I used SONAR for quite a while until, like the previous person mentioned, it was sold by Gibson. It then also changed name to Cakewalk by Bandlab. 
Having been with Cubase now for some years, I think it’s a better DAW for composing then Cakewalk but I’d definitely recommend it for newbies (and have done to friends). 
It’s a very complete DAW, it works great and best of all, it’s free!

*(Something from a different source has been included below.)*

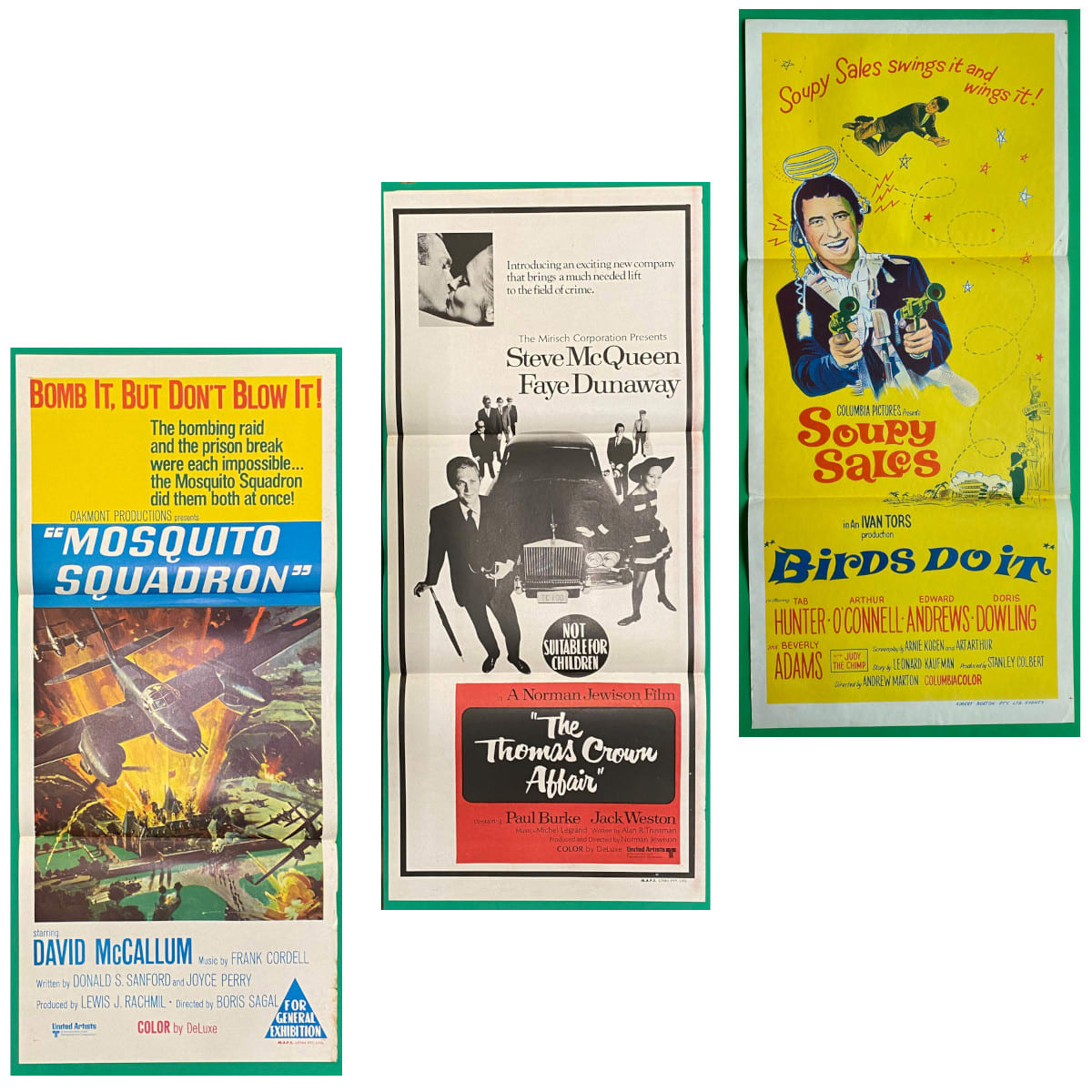 3 Original Daybill Movie Posters. 1. Mosquito Squadron. 1969. David McCallum. Suzanne Neve. 2. The Thomas Crown Affair. 1968. Steve McQueen. Faye Dunaway. 3. Birds Do It. 1966. Soupy Sales. Tab Hunter. Arthur O'Connell.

Edit: to respond to the previous post, I don’t think it’s that complicated to be honest. It’s quite similar to Cubase as well, so when I changed to Cubase, it didn’t take me long at all to learn my way around which could be a plus point for those starting out in Cakewalk and then maybe later on changing to Cubase.


----------



## Jdiggity1 (Jan 24, 2021)

Cakewalk is indeed free, and it's very capable. It would normally be my recommendation for somebody needing a DAW on the cheap.
But if the goal is specifically Hip Hop or EDM, FL Studio would be the better choice, largely due to the available resources/tutorials and communities to help you along the way.


----------



## widescreen (Jan 24, 2021)

I started as a total newbie with Cakewalk one year ago. What looked first promising, turned to a frustrating experience. I connected more and more peripherals. With every single one there were issues to solve. Very frustrating.
Then tried Studio One a few months ago. Cakewalk is really complicated against that one. Every peripheral worked nearly plug and play. The workflow is much more intuitive.
At Ask.Audio, Groove3 etc you can get comprehensive courses, if you want to learn it that way. For Cakewalk there is no comparable thing, just snippets on single tasks, nothing structured. Only for the old Sonar.
I got a cheap used Professional license. I am so happy!
I like Cakewalk still for its GUI. But "the better is the good one's enemy" (don't know if it is correctly translated).
If you stay with Cakewalk, search for Creative Sauce on YouTube. Best tutorials for Cakewalk, also some for S1. 😉


----------



## ReleaseCandidate (Jan 24, 2021)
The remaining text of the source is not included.